# Requirement
Every picture is to be removed, and all the data is to be copied exactly.

# Recorded data
-*-
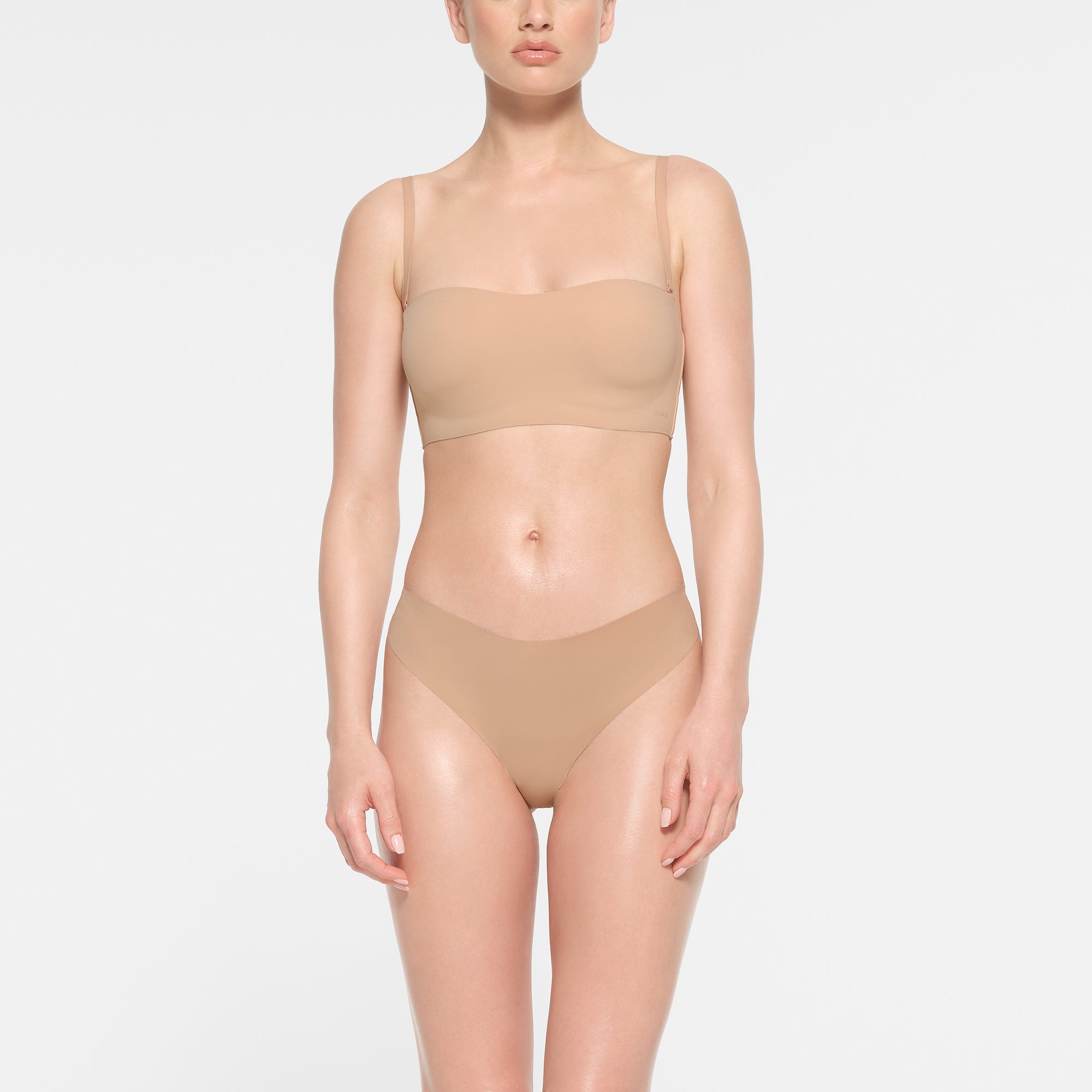 NAKED BANDEAU | CLAY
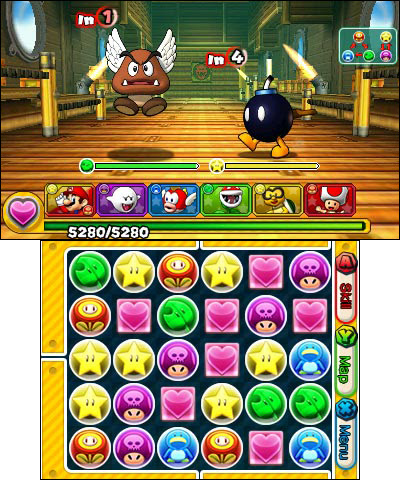 Rescue Princess Peach from Bowser in Puzzle & Dragons Super Mario Bros. Edition or defeat the evil g ...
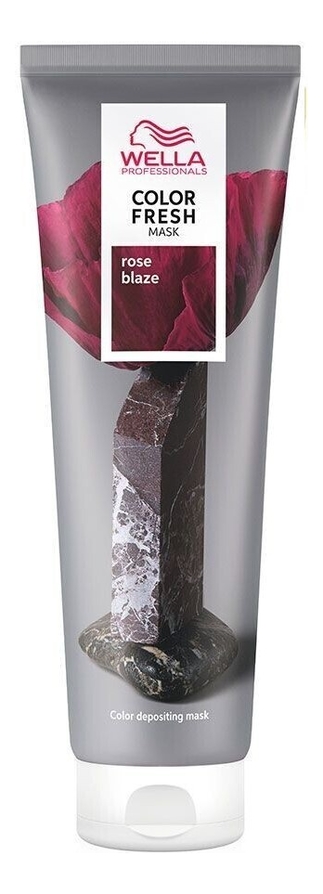 цена Оттеночная кремовая маска для волос Color Fresh 150мл: Roze Blaze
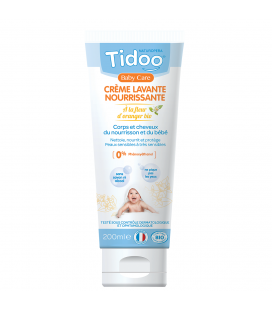 Crème Lavante Nourissante à la Fleur d'oranger Bio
-*-
# Result of the exercise
 NAKED BANDEAU | CLAY
 Rescue Princess Peach from Bowser in Puzzle & Dragons Super Mario Bros. Edition or defeat the evil g ...
 цена Оттеночная кремовая маска для волос Color Fresh 150мл: Roze Blaze
 Crème Lavante Nourissante à la Fleur d'oranger Bio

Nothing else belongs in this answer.